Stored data
- - - - - - -
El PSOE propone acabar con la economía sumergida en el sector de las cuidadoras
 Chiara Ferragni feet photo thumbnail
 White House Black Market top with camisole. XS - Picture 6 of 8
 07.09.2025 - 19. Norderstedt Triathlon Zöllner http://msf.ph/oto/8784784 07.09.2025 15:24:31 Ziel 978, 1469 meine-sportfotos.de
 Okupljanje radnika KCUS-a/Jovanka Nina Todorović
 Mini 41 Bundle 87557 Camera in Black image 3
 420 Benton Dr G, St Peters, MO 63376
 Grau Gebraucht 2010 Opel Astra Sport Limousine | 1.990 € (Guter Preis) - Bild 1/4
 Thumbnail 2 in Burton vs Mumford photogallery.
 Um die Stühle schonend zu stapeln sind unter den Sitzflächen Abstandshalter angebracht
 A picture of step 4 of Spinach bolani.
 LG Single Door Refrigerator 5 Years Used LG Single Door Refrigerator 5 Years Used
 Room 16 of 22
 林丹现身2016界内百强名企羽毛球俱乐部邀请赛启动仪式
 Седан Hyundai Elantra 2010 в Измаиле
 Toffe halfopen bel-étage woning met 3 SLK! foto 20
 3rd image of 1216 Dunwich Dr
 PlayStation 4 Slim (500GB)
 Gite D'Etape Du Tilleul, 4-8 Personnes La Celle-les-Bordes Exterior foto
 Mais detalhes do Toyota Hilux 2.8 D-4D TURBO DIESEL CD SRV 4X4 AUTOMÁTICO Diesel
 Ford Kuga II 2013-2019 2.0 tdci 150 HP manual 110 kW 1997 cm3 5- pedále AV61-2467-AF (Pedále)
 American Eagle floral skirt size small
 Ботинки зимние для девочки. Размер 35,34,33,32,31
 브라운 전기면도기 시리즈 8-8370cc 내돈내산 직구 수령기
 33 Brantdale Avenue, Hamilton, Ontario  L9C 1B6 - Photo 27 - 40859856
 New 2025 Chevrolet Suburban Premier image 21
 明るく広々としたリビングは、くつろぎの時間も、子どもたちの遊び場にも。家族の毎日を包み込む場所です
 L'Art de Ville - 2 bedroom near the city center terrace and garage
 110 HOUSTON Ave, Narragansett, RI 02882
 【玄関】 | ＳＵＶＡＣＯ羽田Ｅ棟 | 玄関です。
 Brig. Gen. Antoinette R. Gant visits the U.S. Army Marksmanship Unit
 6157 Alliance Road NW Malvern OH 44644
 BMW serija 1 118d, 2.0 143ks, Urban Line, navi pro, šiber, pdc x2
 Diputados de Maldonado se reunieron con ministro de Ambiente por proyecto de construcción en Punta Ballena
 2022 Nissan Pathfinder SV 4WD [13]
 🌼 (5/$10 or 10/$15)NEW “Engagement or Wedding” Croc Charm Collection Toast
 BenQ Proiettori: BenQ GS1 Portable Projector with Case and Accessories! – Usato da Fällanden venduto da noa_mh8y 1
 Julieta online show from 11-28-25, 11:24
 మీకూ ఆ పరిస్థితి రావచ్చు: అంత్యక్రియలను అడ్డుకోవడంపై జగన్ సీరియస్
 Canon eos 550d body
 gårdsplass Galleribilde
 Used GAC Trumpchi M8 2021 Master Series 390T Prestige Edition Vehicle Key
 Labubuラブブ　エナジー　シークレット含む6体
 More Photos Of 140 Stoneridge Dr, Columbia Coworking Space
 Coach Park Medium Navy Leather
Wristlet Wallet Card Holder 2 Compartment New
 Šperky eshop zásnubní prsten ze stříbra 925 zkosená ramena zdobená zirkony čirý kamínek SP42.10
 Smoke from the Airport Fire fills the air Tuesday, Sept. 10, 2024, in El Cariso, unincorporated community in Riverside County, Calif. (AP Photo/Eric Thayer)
- - - - - - -
Required action — Lines after the one containing "BMW serija 1" are not part of the task. Output the entries exactly from their first line through that one.

Exercise response —
El PSOE propone acabar con la economía sumergida en el sector de las cuidadoras
 Chiara Ferragni feet photo thumbnail
 White House Black Market top with camisole. XS - Picture 6 of 8
 07.09.2025 - 19. Norderstedt Triathlon Zöllner http://msf.ph/oto/8784784 07.09.2025 15:24:31 Ziel 978, 1469 meine-sportfotos.de
 Okupljanje radnika KCUS-a/Jovanka Nina Todorović
 Mini 41 Bundle 87557 Camera in Black image 3
 420 Benton Dr G, St Peters, MO 63376
 Grau Gebraucht 2010 Opel Astra Sport Limousine | 1.990 € (Guter Preis) - Bild 1/4
 Thumbnail 2 in Burton vs Mumford photogallery.
 Um die Stühle schonend zu stapeln sind unter den Sitzflächen Abstandshalter angebracht
 A picture of step 4 of Spinach bolani.
 LG Single Door Refrigerator 5 Years Used LG Single Door Refrigerator 5 Years Used
 Room 16 of 22
 林丹现身2016界内百强名企羽毛球俱乐部邀请赛启动仪式
 Седан Hyundai Elantra 2010 в Измаиле
 Toffe halfopen bel-étage woning met 3 SLK! foto 20
 3rd image of 1216 Dunwich Dr
 PlayStation 4 Slim (500GB)
 Gite D'Etape Du Tilleul, 4-8 Personnes La Celle-les-Bordes Exterior foto
 Mais detalhes do Toyota Hilux 2.8 D-4D TURBO DIESEL CD SRV 4X4 AUTOMÁTICO Diesel
 Ford Kuga II 2013-2019 2.0 tdci 150 HP manual 110 kW 1997 cm3 5- pedále AV61-2467-AF (Pedále)
 American Eagle floral skirt size small
 Ботинки зимние для девочки. Размер 35,34,33,32,31
 브라운 전기면도기 시리즈 8-8370cc 내돈내산 직구 수령기
 33 Brantdale Avenue, Hamilton, Ontario  L9C 1B6 - Photo 27 - 40859856
 New 2025 Chevrolet Suburban Premier image 21
 明るく広々としたリビングは、くつろぎの時間も、子どもたちの遊び場にも。家族の毎日を包み込む場所です
 L'Art de Ville - 2 bedroom near the city center terrace and garage
 110 HOUSTON Ave, Narragansett, RI 02882
 【玄関】 | ＳＵＶＡＣＯ羽田Ｅ棟 | 玄関です。
 Brig. Gen. Antoinette R. Gant visits the U.S. Army Marksmanship Unit
 6157 Alliance Road NW Malvern OH 44644
 BMW serija 1 118d, 2.0 143ks, Urban Line, navi pro, šiber, pdc x2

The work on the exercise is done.